● **Records for processing**
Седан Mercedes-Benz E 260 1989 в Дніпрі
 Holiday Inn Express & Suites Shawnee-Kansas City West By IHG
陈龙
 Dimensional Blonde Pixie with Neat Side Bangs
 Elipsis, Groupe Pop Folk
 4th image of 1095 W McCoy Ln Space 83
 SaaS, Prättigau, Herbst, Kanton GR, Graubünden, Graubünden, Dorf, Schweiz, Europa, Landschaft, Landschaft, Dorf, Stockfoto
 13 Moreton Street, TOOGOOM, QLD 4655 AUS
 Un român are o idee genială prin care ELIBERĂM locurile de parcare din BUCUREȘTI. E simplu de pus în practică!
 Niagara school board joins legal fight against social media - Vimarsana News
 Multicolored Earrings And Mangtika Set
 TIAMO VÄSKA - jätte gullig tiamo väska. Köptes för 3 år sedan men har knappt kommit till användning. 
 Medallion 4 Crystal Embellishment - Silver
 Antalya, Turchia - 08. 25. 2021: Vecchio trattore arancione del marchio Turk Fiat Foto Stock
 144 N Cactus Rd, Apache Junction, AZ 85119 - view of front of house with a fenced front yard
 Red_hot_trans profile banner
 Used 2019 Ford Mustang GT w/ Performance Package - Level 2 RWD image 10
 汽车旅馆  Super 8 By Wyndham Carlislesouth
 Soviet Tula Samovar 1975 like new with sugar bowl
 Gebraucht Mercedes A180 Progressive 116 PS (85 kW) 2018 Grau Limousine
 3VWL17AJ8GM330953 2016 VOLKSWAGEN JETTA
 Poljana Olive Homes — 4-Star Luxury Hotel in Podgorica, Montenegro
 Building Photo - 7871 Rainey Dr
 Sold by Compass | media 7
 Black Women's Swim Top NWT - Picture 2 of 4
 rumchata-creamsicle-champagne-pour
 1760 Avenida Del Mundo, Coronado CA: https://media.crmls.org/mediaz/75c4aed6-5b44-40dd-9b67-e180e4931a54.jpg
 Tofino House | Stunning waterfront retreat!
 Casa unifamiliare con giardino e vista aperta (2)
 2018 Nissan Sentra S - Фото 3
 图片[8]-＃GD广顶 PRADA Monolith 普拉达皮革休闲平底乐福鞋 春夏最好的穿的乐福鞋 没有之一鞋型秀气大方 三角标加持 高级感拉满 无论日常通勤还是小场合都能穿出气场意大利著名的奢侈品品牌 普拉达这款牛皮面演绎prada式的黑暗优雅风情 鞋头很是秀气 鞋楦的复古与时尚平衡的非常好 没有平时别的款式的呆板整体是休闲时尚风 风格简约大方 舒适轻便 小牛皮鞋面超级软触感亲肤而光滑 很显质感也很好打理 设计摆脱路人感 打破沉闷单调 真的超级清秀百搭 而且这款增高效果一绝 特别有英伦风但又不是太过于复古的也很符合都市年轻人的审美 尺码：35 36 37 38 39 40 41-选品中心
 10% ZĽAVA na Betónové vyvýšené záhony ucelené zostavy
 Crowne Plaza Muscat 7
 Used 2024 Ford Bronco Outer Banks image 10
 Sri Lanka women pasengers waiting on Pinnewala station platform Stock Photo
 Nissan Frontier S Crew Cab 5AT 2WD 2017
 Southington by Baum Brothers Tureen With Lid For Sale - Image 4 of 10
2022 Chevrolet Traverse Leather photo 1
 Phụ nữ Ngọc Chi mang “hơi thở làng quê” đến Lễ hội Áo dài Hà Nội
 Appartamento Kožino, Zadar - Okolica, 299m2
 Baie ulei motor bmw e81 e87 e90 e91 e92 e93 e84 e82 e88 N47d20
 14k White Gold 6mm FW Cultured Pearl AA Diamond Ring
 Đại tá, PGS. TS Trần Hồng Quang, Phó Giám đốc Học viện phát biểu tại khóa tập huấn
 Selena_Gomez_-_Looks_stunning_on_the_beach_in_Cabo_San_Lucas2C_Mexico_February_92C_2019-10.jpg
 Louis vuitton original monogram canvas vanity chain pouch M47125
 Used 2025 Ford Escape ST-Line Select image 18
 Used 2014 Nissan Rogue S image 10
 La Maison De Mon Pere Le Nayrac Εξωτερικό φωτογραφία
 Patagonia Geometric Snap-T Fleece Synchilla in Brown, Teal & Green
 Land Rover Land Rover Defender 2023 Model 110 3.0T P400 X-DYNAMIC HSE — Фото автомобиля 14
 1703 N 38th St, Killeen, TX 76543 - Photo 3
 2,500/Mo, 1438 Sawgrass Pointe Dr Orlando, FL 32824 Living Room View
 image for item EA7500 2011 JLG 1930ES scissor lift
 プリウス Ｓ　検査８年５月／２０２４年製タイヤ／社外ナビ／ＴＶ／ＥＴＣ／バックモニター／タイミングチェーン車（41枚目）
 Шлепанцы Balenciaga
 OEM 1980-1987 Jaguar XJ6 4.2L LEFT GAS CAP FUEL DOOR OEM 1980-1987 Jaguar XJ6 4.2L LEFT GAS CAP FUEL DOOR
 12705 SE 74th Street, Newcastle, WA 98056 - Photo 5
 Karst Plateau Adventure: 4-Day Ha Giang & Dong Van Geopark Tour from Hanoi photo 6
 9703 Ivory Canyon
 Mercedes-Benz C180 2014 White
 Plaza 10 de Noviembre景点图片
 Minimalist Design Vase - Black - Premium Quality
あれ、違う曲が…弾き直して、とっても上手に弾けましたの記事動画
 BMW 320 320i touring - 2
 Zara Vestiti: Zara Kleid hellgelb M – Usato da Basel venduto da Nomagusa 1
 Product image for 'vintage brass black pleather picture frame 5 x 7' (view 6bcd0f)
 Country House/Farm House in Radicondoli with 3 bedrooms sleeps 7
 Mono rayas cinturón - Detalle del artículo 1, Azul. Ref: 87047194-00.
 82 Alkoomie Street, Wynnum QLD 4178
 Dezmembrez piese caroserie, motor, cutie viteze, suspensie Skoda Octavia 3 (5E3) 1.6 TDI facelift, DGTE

● **What this task involves**
Would you print each line of the listing again, unaltered?

● **Written answer**
Седан Mercedes-Benz E 260 1989 в Дніпрі
 Holiday Inn Express & Suites Shawnee-Kansas City West By IHG
陈龙
 Dimensional Blonde Pixie with Neat Side Bangs
 Elipsis, Groupe Pop Folk
 4th image of 1095 W McCoy Ln Space 83
 SaaS, Prättigau, Herbst, Kanton GR, Graubünden, Graubünden, Dorf, Schweiz, Europa, Landschaft, Landschaft, Dorf, Stockfoto
 13 Moreton Street, TOOGOOM, QLD 4655 AUS
 Un român are o idee genială prin care ELIBERĂM locurile de parcare din BUCUREȘTI. E simplu de pus în practică!
 Niagara school board joins legal fight against social media - Vimarsana News
 Multicolored Earrings And Mangtika Set
 TIAMO VÄSKA - jätte gullig tiamo väska. Köptes för 3 år sedan men har knappt kommit till användning. 
 Medallion 4 Crystal Embellishment - Silver
 Antalya, Turchia - 08. 25. 2021: Vecchio trattore arancione del marchio Turk Fiat Foto Stock
 144 N Cactus Rd, Apache Junction, AZ 85119 - view of front of house with a fenced front yard
 Red_hot_trans profile banner
 Used 2019 Ford Mustang GT w/ Performance Package - Level 2 RWD image 10
 汽车旅馆  Super 8 By Wyndham Carlislesouth
 Soviet Tula Samovar 1975 like new with sugar bowl
 Gebraucht Mercedes A180 Progressive 116 PS (85 kW) 2018 Grau Limousine
 3VWL17AJ8GM330953 2016 VOLKSWAGEN JETTA
 Poljana Olive Homes — 4-Star Luxury Hotel in Podgorica, Montenegro
 Building Photo - 7871 Rainey Dr
 Sold by Compass | media 7
 Black Women's Swim Top NWT - Picture 2 of 4
 rumchata-creamsicle-champagne-pour
 1760 Avenida Del Mundo, Coronado CA: https://media.crmls.org/mediaz/75c4aed6-5b44-40dd-9b67-e180e4931a54.jpg
 Tofino House | Stunning waterfront retreat!
 Casa unifamiliare con giardino e vista aperta (2)
 2018 Nissan Sentra S - Фото 3
 图片[8]-＃GD广顶 PRADA Monolith 普拉达皮革休闲平底乐福鞋 春夏最好的穿的乐福鞋 没有之一鞋型秀气大方 三角标加持 高级感拉满 无论日常通勤还是小场合都能穿出气场意大利著名的奢侈品品牌 普拉达这款牛皮面演绎prada式的黑暗优雅风情 鞋头很是秀气 鞋楦的复古与时尚平衡的非常好 没有平时别的款式的呆板整体是休闲时尚风 风格简约大方 舒适轻便 小牛皮鞋面超级软触感亲肤而光滑 很显质感也很好打理 设计摆脱路人感 打破沉闷单调 真的超级清秀百搭 而且这款增高效果一绝 特别有英伦风但又不是太过于复古的也很符合都市年轻人的审美 尺码：35 36 37 38 39 40 41-选品中心
 10% ZĽAVA na Betónové vyvýšené záhony ucelené zostavy
 Crowne Plaza Muscat 7
 Used 2024 Ford Bronco Outer Banks image 10
 Sri Lanka women pasengers waiting on Pinnewala station platform Stock Photo
 Nissan Frontier S Crew Cab 5AT 2WD 2017
 Southington by Baum Brothers Tureen With Lid For Sale - Image 4 of 10
2022 Chevrolet Traverse Leather photo 1
 Phụ nữ Ngọc Chi mang “hơi thở làng quê” đến Lễ hội Áo dài Hà Nội
 Appartamento Kožino, Zadar - Okolica, 299m2
 Baie ulei motor bmw e81 e87 e90 e91 e92 e93 e84 e82 e88 N47d20
 14k White Gold 6mm FW Cultured Pearl AA Diamond Ring
 Đại tá, PGS. TS Trần Hồng Quang, Phó Giám đốc Học viện phát biểu tại khóa tập huấn
 Selena_Gomez_-_Looks_stunning_on_the_beach_in_Cabo_San_Lucas2C_Mexico_February_92C_2019-10.jpg
 Louis vuitton original monogram canvas vanity chain pouch M47125
 Used 2025 Ford Escape ST-Line Select image 18
 Used 2014 Nissan Rogue S image 10
 La Maison De Mon Pere Le Nayrac Εξωτερικό φωτογραφία
 Patagonia Geometric Snap-T Fleece Synchilla in Brown, Teal & Green
 Land Rover Land Rover Defender 2023 Model 110 3.0T P400 X-DYNAMIC HSE — Фото автомобиля 14
 1703 N 38th St, Killeen, TX 76543 - Photo 3
 2,500/Mo, 1438 Sawgrass Pointe Dr Orlando, FL 32824 Living Room View
 image for item EA7500 2011 JLG 1930ES scissor lift
 プリウス Ｓ　検査８年５月／２０２４年製タイヤ／社外ナビ／ＴＶ／ＥＴＣ／バックモニター／タイミングチェーン車（41枚目）
 Шлепанцы Balenciaga
 OEM 1980-1987 Jaguar XJ6 4.2L LEFT GAS CAP FUEL DOOR OEM 1980-1987 Jaguar XJ6 4.2L LEFT GAS CAP FUEL DOOR
 12705 SE 74th Street, Newcastle, WA 98056 - Photo 5
 Karst Plateau Adventure: 4-Day Ha Giang & Dong Van Geopark Tour from Hanoi photo 6
 9703 Ivory Canyon
 Mercedes-Benz C180 2014 White
 Plaza 10 de Noviembre景点图片
 Minimalist Design Vase - Black - Premium Quality
あれ、違う曲が…弾き直して、とっても上手に弾けましたの記事動画
 BMW 320 320i touring - 2
 Zara Vestiti: Zara Kleid hellgelb M – Usato da Basel venduto da Nomagusa 1
 Product image for 'vintage brass black pleather picture frame 5 x 7' (view 6bcd0f)
 Country House/Farm House in Radicondoli with 3 bedrooms sleeps 7
 Mono rayas cinturón - Detalle del artículo 1, Azul. Ref: 87047194-00.
 82 Alkoomie Street, Wynnum QLD 4178
 Dezmembrez piese caroserie, motor, cutie viteze, suspensie Skoda Octavia 3 (5E3) 1.6 TDI facelift, DGTE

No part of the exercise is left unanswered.